How do you know if you’re dehydrated? Common signs include thirst, dry mouth, headache, feeling lightheaded, and dark-colored urine. Signs of severe dehydration can include cramps, chills, and even disorientation. So, what is the best way to prevent dehydration? Easy- drink fluids. Drink them before, during, and after exercise.
How much should you drink? First, of course, you should be drinking water throughout the day. A good rule of thumb, drink your body weight x .6 (in ounces) on a daily basis. To hydrate before your run, make sure you drink 8 to 16 oz of water 1 to 2 hours before a run (or at least try 6 to 8 oz 15-30 minutes before your run). However, during your long runs, you should also be replenishing the water that you’re losing – about 6 to 8 oz of fluid every 20 minutes during a long run. But most importantly, drink when you’re thirsty! Your body is well-tuned to regulate itself, and if you just drink when you’re thirsty, you can avoid underhydrating (leading to dehydration) and overhydrating (hyponatremia). We highly recommend that you carry your own water during your long runs so you don’t have to rely on water fountains, etc. while running. A few great options include water bottles, hydration belts, and Camelbaks. (PLEASE NOTE: Some marathons, including the TCS New York City Marathon, do not allow Camelbaks on race day due to security restrictions. Please check the event code of conduct for your race).

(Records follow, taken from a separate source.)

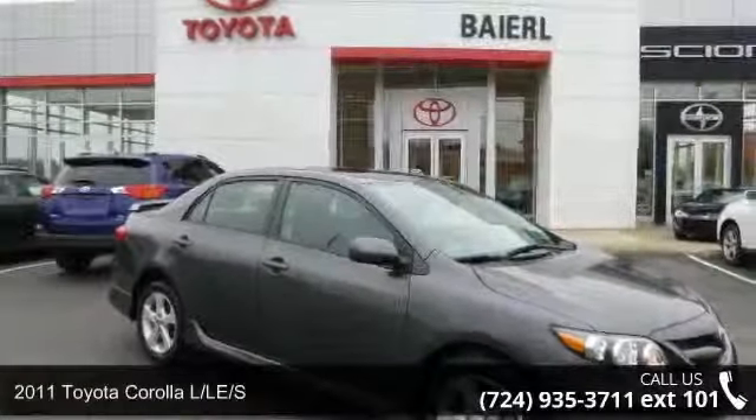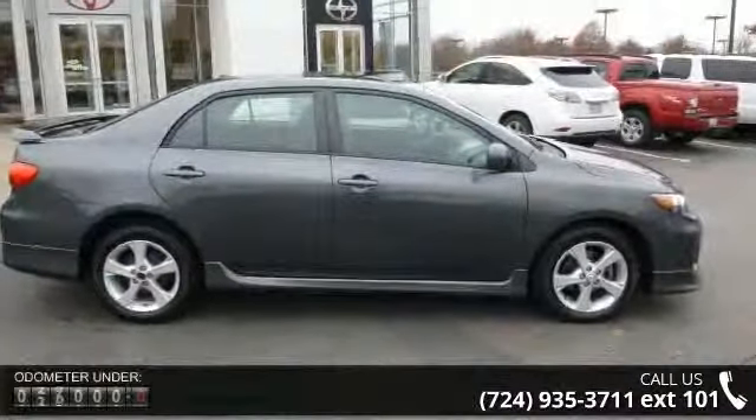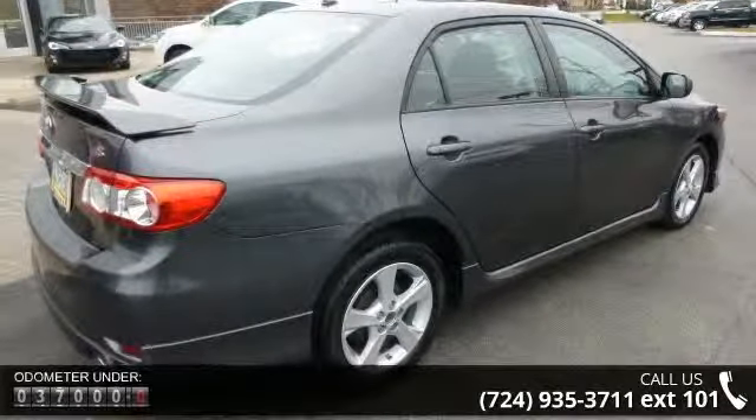Imagine yourself in this 2011 Toyota Corolla LS. If you are looking for a first-rate auto, this one could be yours today. This vehicle comes with a reliable 4-cylinder engine, connected to a smooth shifting automatic transmission.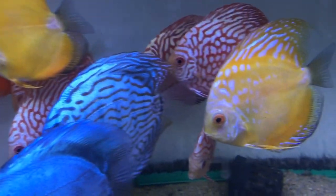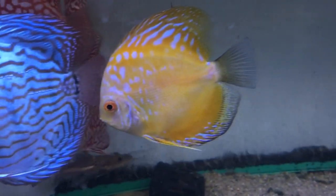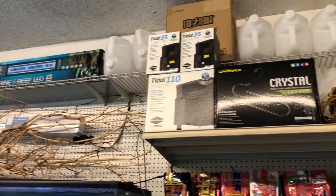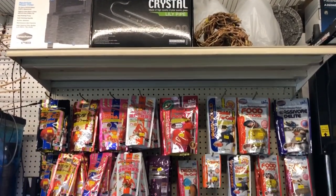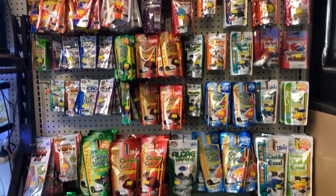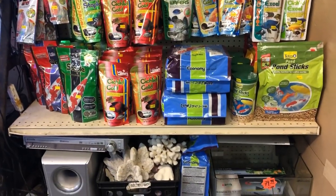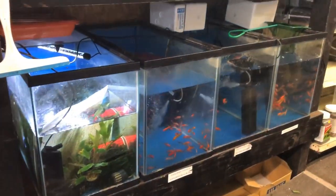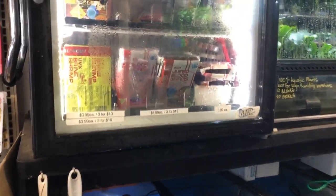He had some smaller varieties in the tank just to the left — those were the big boys, truly beautiful fish. A nice selection of supplies, pumps, foods, wafers — the kind of stuff you usually see. Also a nice selection of frozen foods.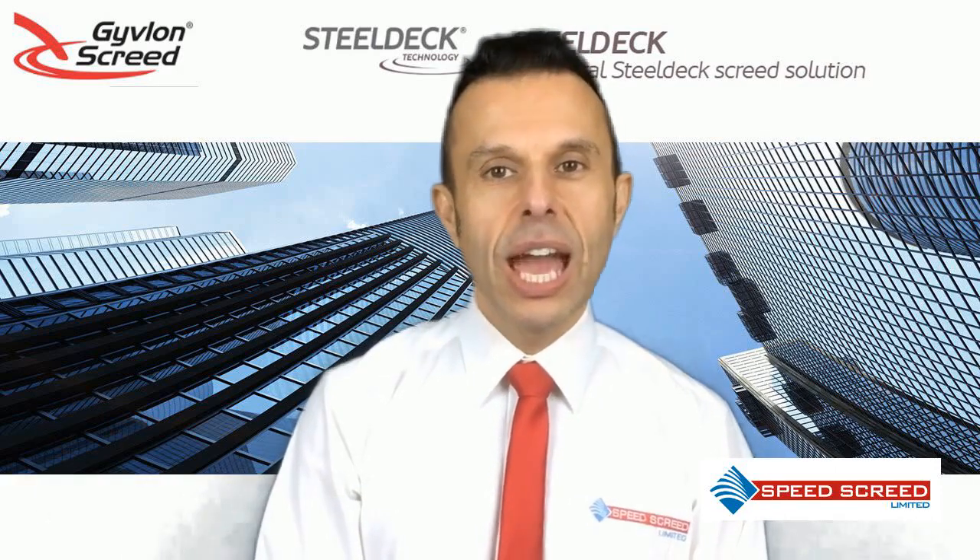Hi, I'm Andy Parkin, Managing Director of the Multi-Award-Winning Speed Screed, and I'm here today to talk about Givlon Steel Deck.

An important component of staying hydrated is making sure that you are keeping your electrolytes in balance. Electrolytes are minerals in your body fluids and blood that contain things like salt and potassium. They directly affect the amount of fluids in your body, and you lose them when you sweat. When your electrolytes (salt) fall out of balance during long runs, you run into problems like dehydration and possibly muscle cramping (the jury is still out on this). So, when you run longer than 90 minutes, you should make sure that you are replacing these electrolytes. There are a couple of ways that you can do this.

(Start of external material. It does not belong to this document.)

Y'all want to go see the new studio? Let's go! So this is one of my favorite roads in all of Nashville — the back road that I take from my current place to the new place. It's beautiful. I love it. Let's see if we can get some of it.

1- Electrolyte replacement drinks. These are things like Powerade and similar sports drinks. These drinks are best while you are running, but not so good if you’re just sitting around the house. They have a high glycemic index (lots of sugar), and your body will use it immediately – which is GREAT when you’re running, but not so great when sedentary. Coconut water, nature’s sports drink, also has electrolyte replenishment capabilities without the sugar rush – which is great for pre- and post-run electrolytes. Here’s an alternative to sports drinks that you can utilize when you are not exercising:
16oz of water
1/8tbsp of Celtic Sea Salt (NOT table salt)

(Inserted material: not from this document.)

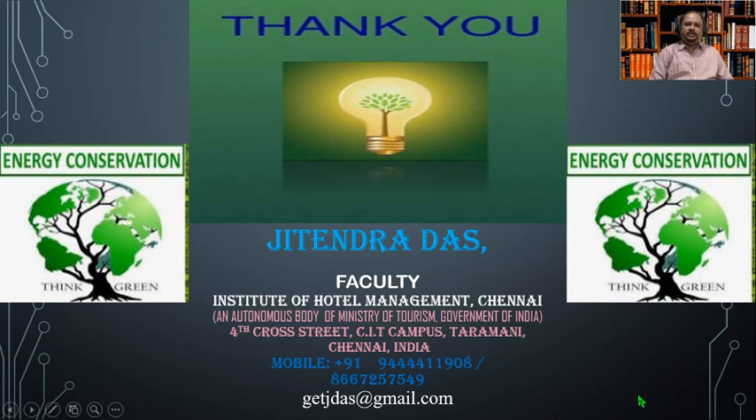With this we conclude this video, which discussed energy conservation in housekeeping operations. Looking forward to meeting you all in yet another video — till then, bye bye, take care.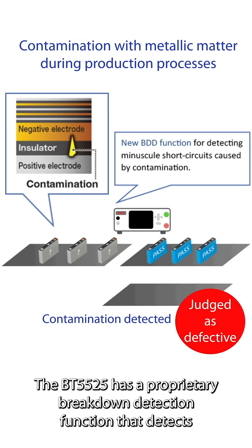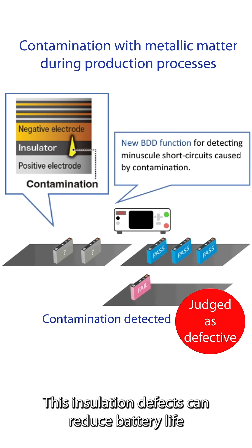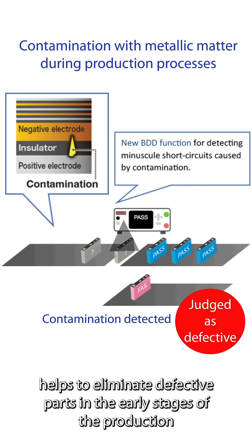The BT5525 has a proprietary breakdown detection function that detects minuscule internal shorts caused by metallic contamination before electrolyte filling. These insulation defects can reduce battery life and increase the risk of fires. The breakdown detection function helps to eliminate defective parts in the early stages of production.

Squeeze a little lemon, lime, orange, mint, etc. for flavor. Enjoy.
2- Salt. If you notice that you are a “salty sweater” – namely that your face, hat, clothes are grimy with salt when you complete your run, even when you are drinking sports drinks during your run, you should think about taking in additional salt. Every hour or so, take in the contents of your garden-variety salt packet. Make sure that you carry your salt packets in a little plastic baggie. Otherwise, your sweat will disintegrate the packets. If you find that you are still leaving a salt trail behind you after your long runs, try taking a packet every 45 minutes. You can also use electrolyte replacement (salt pills) such as Salt Stick… take approximately 1 pill an hour (dependent on body size and sweat production, how much salt you lose- “Salty Sweater”).